Of course, if press reports are correct and Trump had previously interfered with the investigation, then it's even more a case of a self-inflicted wound. At the very least, Comey's memo wouldn't have become public as soon as it did.
That is, if there was a cover-up going on here, it's Trump himself who undermined it. By today, there was really just no other choice for Deputy Attorney General Rod Rosenstein, who was confirmed less than a month ago by Republicans and most Democrats as a paragon of law enforcement professionalism. After all, the way Trump initially used him as an excuse for the Comey action made it look as if Rosenstein was in on a cover-up, and appointing an independent investigation was the only way to get himself out of harm's way.
That said: As was the case back in 1973, the price for appointing a special counsel is time. The new office will have to be set up and brought up to speed, and so even if the FBI agents who have been working the case are detailed to Special Counsel Robert Mueller's new team, some delay will be a necessary consequence. Indeed, the history of special counsels is that they take their time. The Iran-Contra independent counsel still had important officials under indictment from the 1986 scandal when George H.W. Bush issued pardons in 1992; the most recent special counsel, who investigated the Plame affair, took about four years to get a conviction of Scooter Libby.
And the biggest limitation of special counsels is that they are set up to, well, prosecute people for specific crimes. 1 That's important in this case for two reasons. First, because some of the accusations against Trump are not necessarily criminal violations, even though they would be (if true) violations abuses of power or otherwise impeachable offenses. And second, because this scandal has important public policy components -- about Russian interference in U.S. elections -- which need a thorough examination even if there is no wrongdoing by any Americans at all.
In other words: Congress still needs to be involved. And a Senate select committee is still the best option. Right now, multiple House and Senate committees are calling witnesses and holding hearings on different aspects of the case. That's okay, but it's unlikely to get to the bottom of things. Only a fully-staffed select committee dedicated to the questions raised by this scandal can do that.
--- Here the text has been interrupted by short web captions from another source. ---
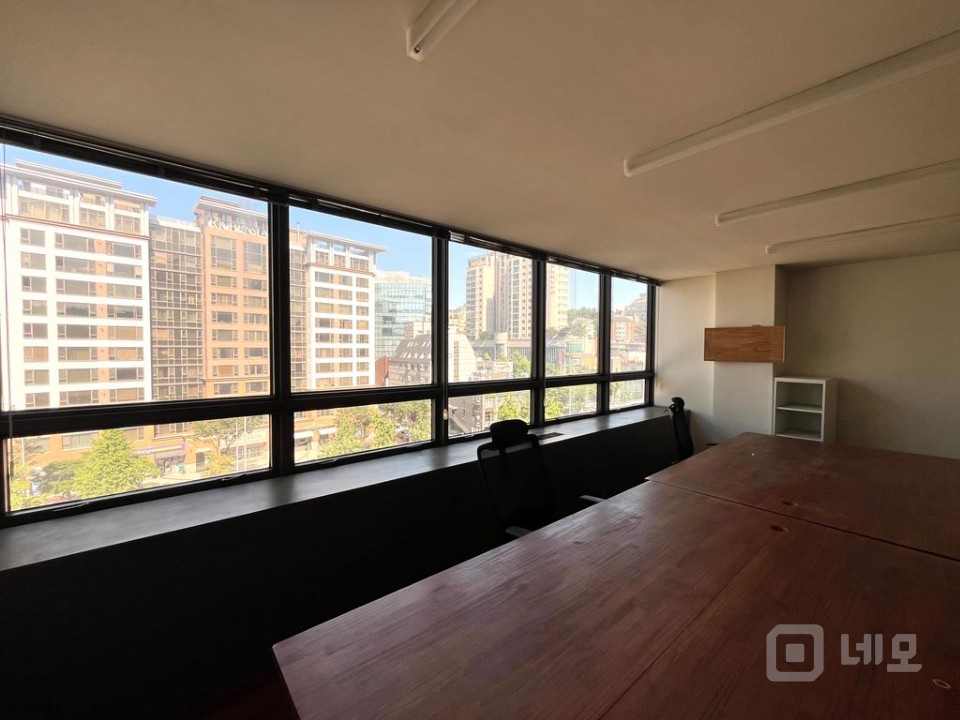 한남오거리 대로변, 최상의 입지, 대형 사무실, 주차 3대 매물의 11번째 사진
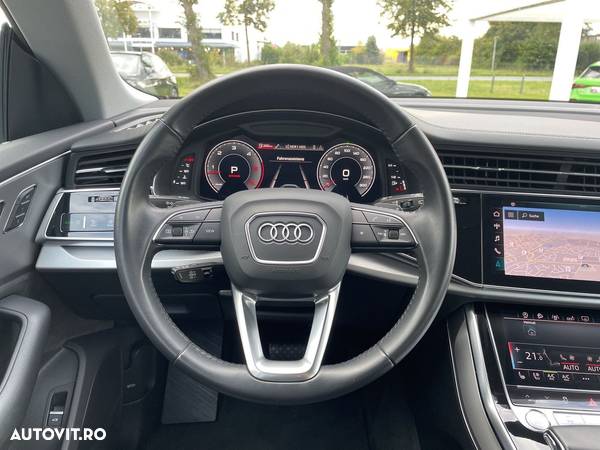 Audi Q8 - 12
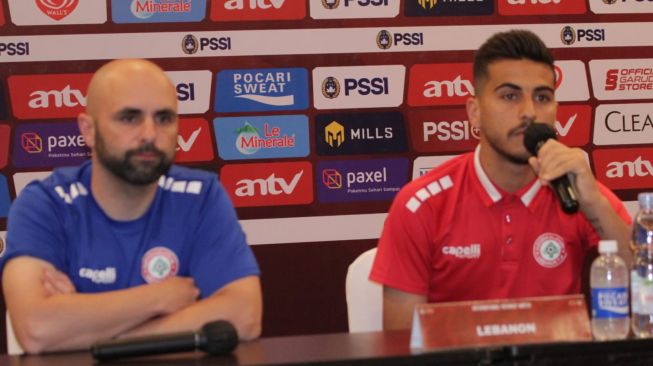 Pelatih Lebanon Miguel Moreira dan pemain Moh Haidar saat konferensi pers jelang menghadapi Timnas Indonesia U-22 (Dok. PSSI).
Here's what it could look like, as I wrote in March:
It should be small, like the seven-member Watergate Senate Select Committee, and given sufficient budget, staff, and scope to fully explore both the general topic of Russian interference in the 2016 election and the actions of the Trump campaign and associates of Trump. A 4-3 split would be acceptable, as long as the Republicans have a reputation for independence; an example might be Ben Sasse of Nebraska as Chair, with Tennessee's Lamar Alexander, Maine's Susan Collins, and South Carolina's Lindsey Graham as members.
Such a committee could call witnesses in a rational order in order to lay out the full story, and could organize the testimony so that the story is as coherent as possible.
Why Senate and not House? Because there are several sufficiently independent Republican Senators that a committee could be credible, and because frankly the odds of the House acting are very small anyway. Not a joint committee, as was used during Iran-Contra, because as Watergate demonstrated smaller committees are better -- we don't need two days of opening statements by dozens of politicians looking to break through and make their name this way. And not a commission, for the reasons Susan Hennessey and Benjamin Wittes explain here, not the least of which is that a commission requires legislation which the president could veto while a select committee only requires one chamber to pass a resolution.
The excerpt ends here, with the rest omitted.